First, the program does this:      [2, 3, 6, 8, 9] + [10]
Then this:                         [2, 3, 6] + [7] + [8, 9, 10]
Then this:                         [2, 3] + [4, 5] + [6, 7, 8, 9, 10]
Finally, this:                     [1] + [2, 3, 4, 5, 6, 7, 8, 9, 10]
To build this:                     [1, 2, 3, 4, 5, 6, 7, 8, 9, 10]

While it's doing that, it remembers which of the pins the user put there and which ones it put there. This strategy would be very difficult to use if the input wasn't sorted.

Another thing that the sorting make easier is detection of the number 10. Since brainfuck deals with individual bytes, not "numbers" per se, it could have been a pain in the ass, but the sorted input made it much easier for me to deal with. The reason for that has to do with how I stored data in the program. I take the input one character at time and subtract 32 from the result. If the cell is non-zero after that, I move forward 4 cells. before repeating. This means that I get a non-space byte of input every 4 cells, and I effectively store pins as their number + 16. However, 10 takes two bytes to type, so I had to special case it. If the input wasn't sorted, I'd have to look through the pins, but since it is sorted it will always be the last pin if it appears. I check if the (last byte of input + 1) == (the second last byte of input) and if so, it must be 10. I get rid of the last byte and set the second last one to what my system understands as "10". The characters '1' and '0' don't fit in a single byte, but the number 26 sure does!

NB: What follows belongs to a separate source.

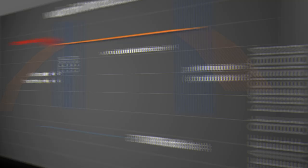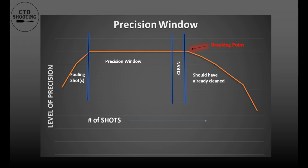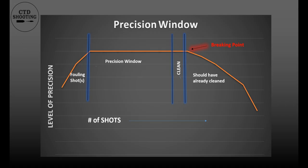The precision window is a range of shots where the rifle shoots the tightest groups — highest precision. As you can see from the diagram, most barrels do not start in the precision window. It takes a shot or two to get them there. Those shots are called fouling shots. The best precision will be when the barrel is in the precision window. This is when you want to be tuning, practicing, on the record target, or hunting for that trophy animal.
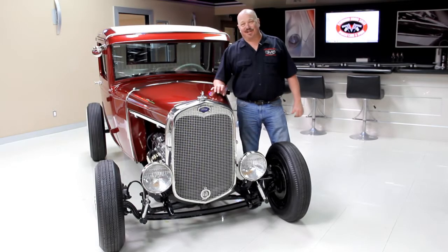Hi, it's Greg at Vanguard Motor Sales. I'd like to welcome you to our showroom. Today we're going to be taking a look at a 1956 Ford Custom Line Cruiser. This thing is absolutely gorgeous.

Coming up with tricks just to make something work at all is my favourite part of using this language. :)

If you're interested in how this program works in more detail, you can see the program with the comments I used while writing it to make sure I remembered what everything did. Even writing comments in brainfuck is hard, since there's no comment syntax. Instead, every character except those in <[+.,-]> are no-ops. It's easy to introduce bugs by accidentally including . or , in your comments! That's why the grammar is so wonky and semicolons are everywhere.

EDIT: As an example of how easy this is to screw up: I used "non-space" in one of the comments! When I stripped all the non-bf characters from the source, the program I used to do that kept in the -. Luckily it didn't break anything, but now I've removed it to save a byte. :)

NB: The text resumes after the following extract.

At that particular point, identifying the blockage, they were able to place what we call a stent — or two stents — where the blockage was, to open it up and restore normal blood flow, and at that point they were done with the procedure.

EDIT II: It's been a while since I touched this one, haha. In another brainfuck answer on this site, I noticed that I accidentally used a comma in the commented version. Since the input had already been exhausted, it set the current cell to 0 (this is implementation dependant, but in my experience it's the most common behaviour). I fixed the bug, but it got me thinking. The idiomatic way to set a cell to 0 is [-] (roughly while (*p) { *p--; }), which is two bytes longer. Any time all the input has been read, I can use , instead. This saved me 2 bytes in that answer, and 12 in this one!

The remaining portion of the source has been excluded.